* WORK INSTRUCTION *
Produce a word-for-word copy of the lines from the one that contains "不锈钢六角双公螺丝BSPT耐压210KG高压管件3000LB双头外丝牙螺纹" to the final line of the data below, with all pictures dropped.

(RECORDED DATA)

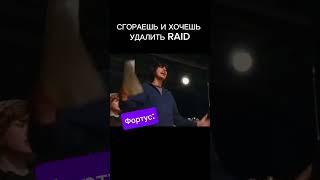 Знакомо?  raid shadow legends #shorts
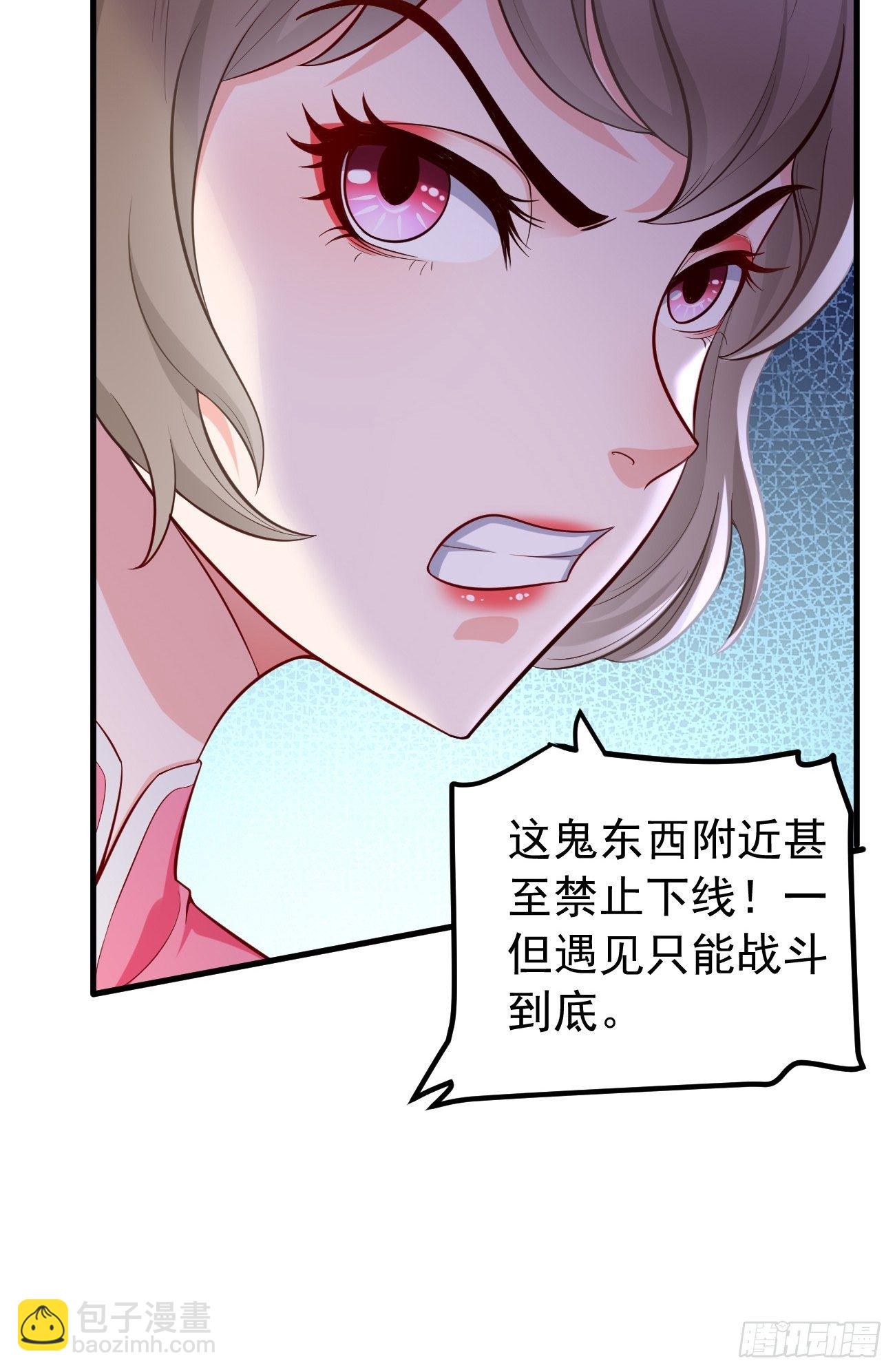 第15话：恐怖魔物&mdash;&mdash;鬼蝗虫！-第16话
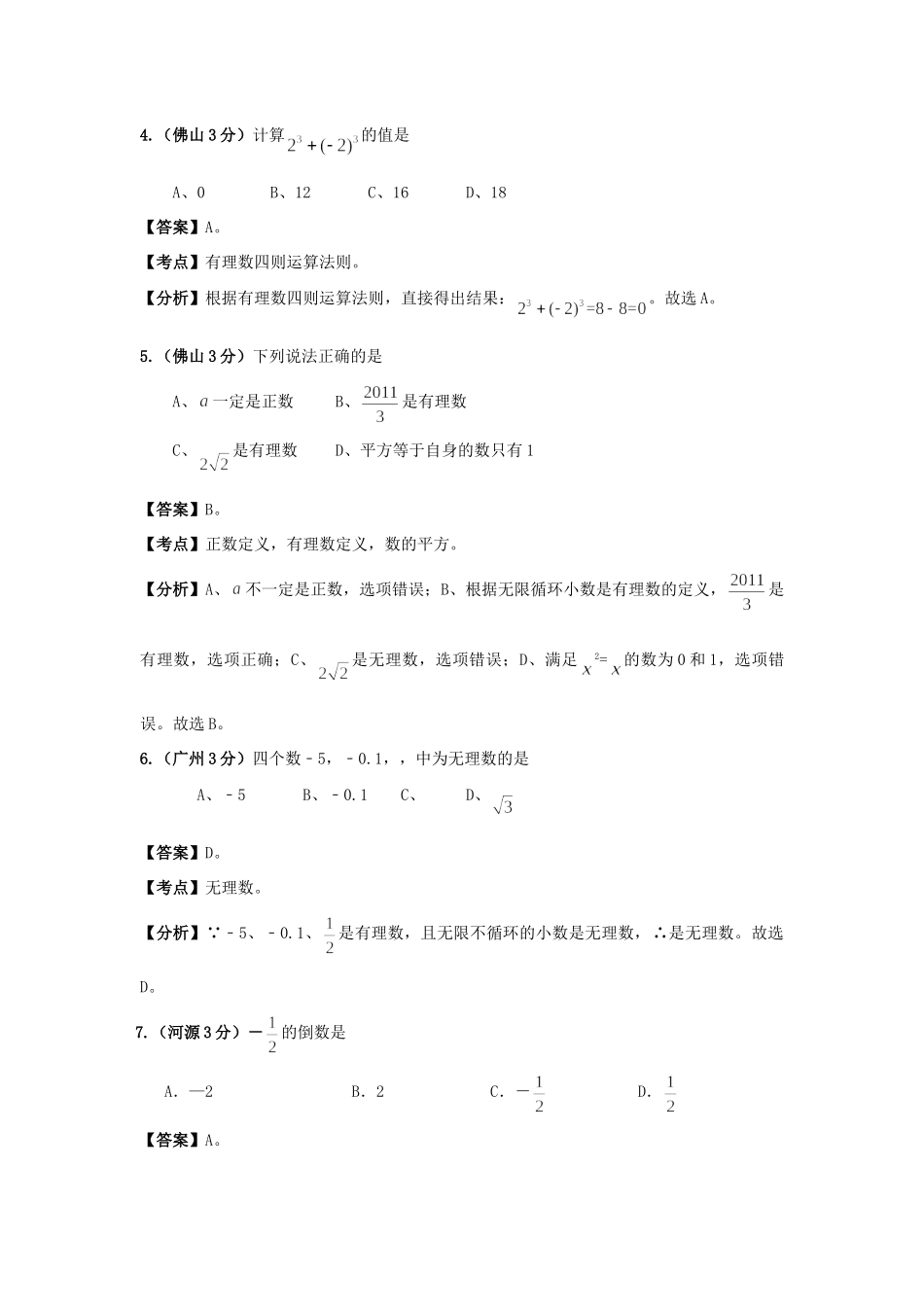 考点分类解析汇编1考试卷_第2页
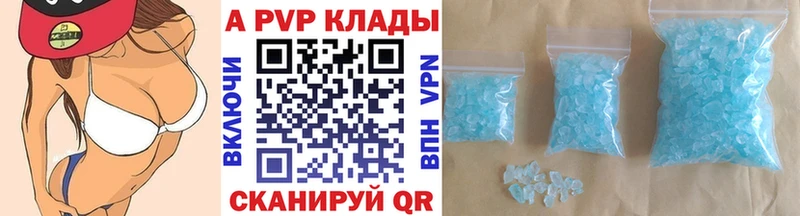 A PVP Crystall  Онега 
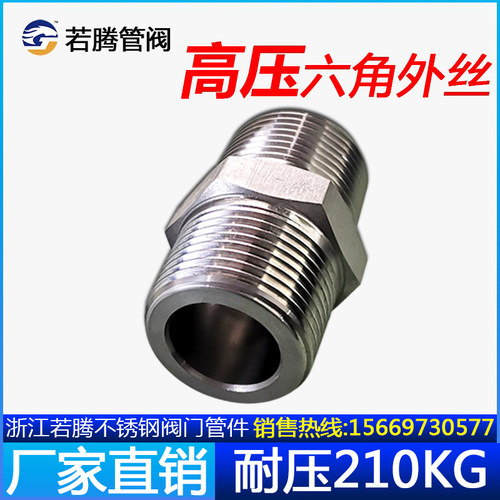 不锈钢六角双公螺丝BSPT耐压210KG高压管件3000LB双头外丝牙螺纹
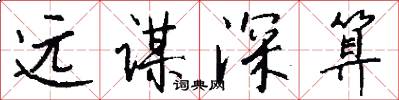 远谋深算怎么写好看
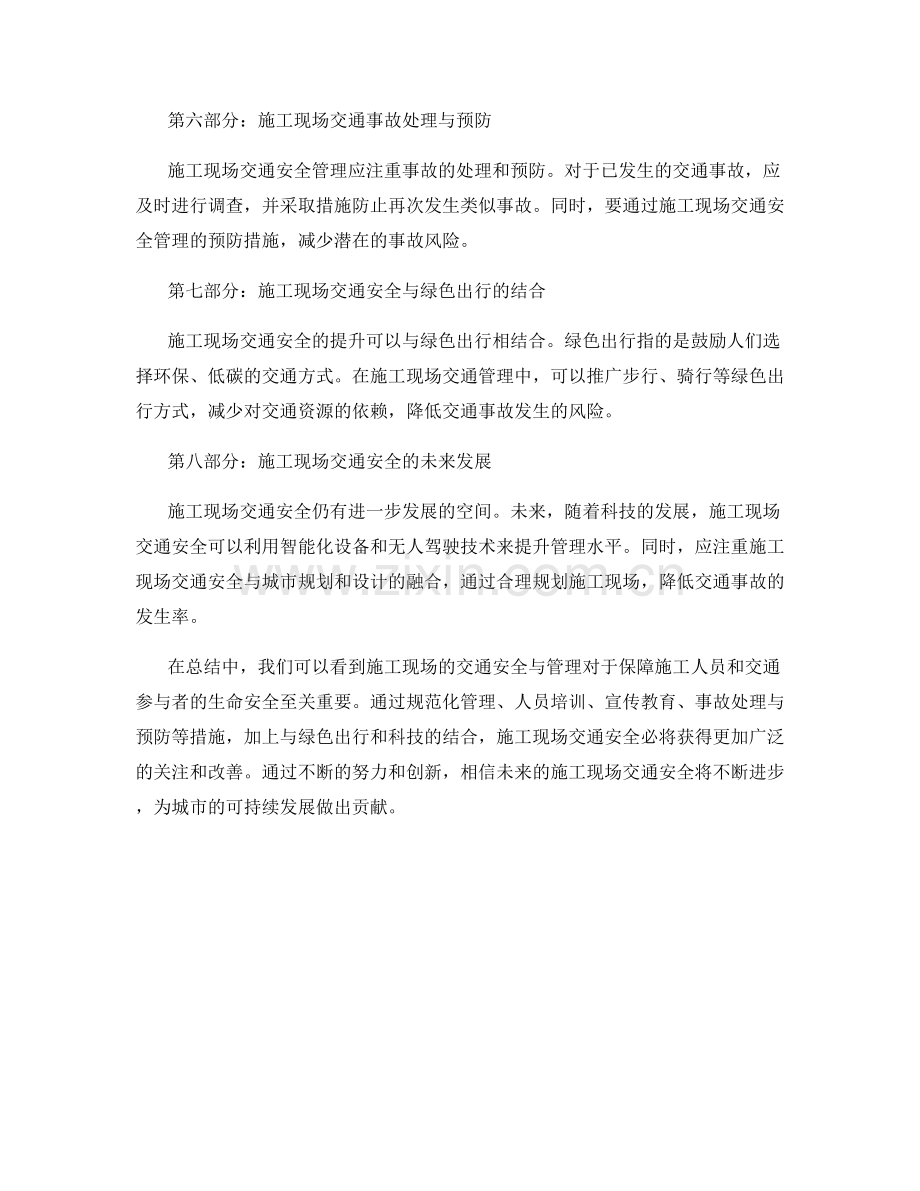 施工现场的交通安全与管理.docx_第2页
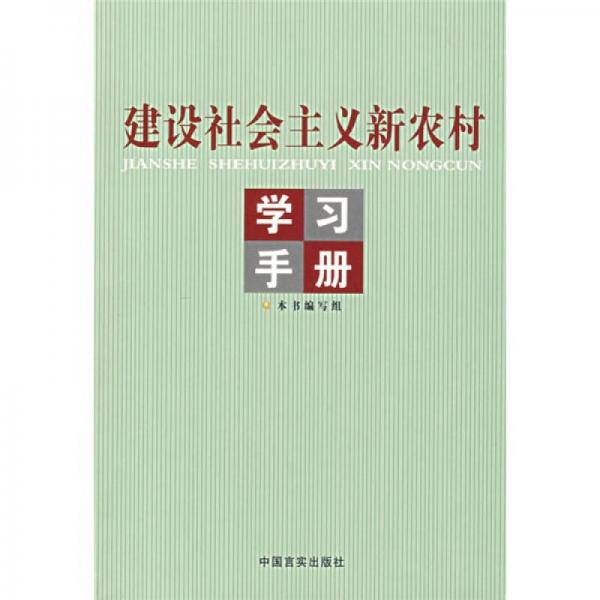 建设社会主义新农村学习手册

(End RECORDED DATA)

* RESPONSE FOR THIS EXERCISE *
 不锈钢六角双公螺丝BSPT耐压210KG高压管件3000LB双头外丝牙螺纹
 远谋深算怎么写好看
 施工现场的交通安全与管理.docx_第2页
 建设社会主义新农村学习手册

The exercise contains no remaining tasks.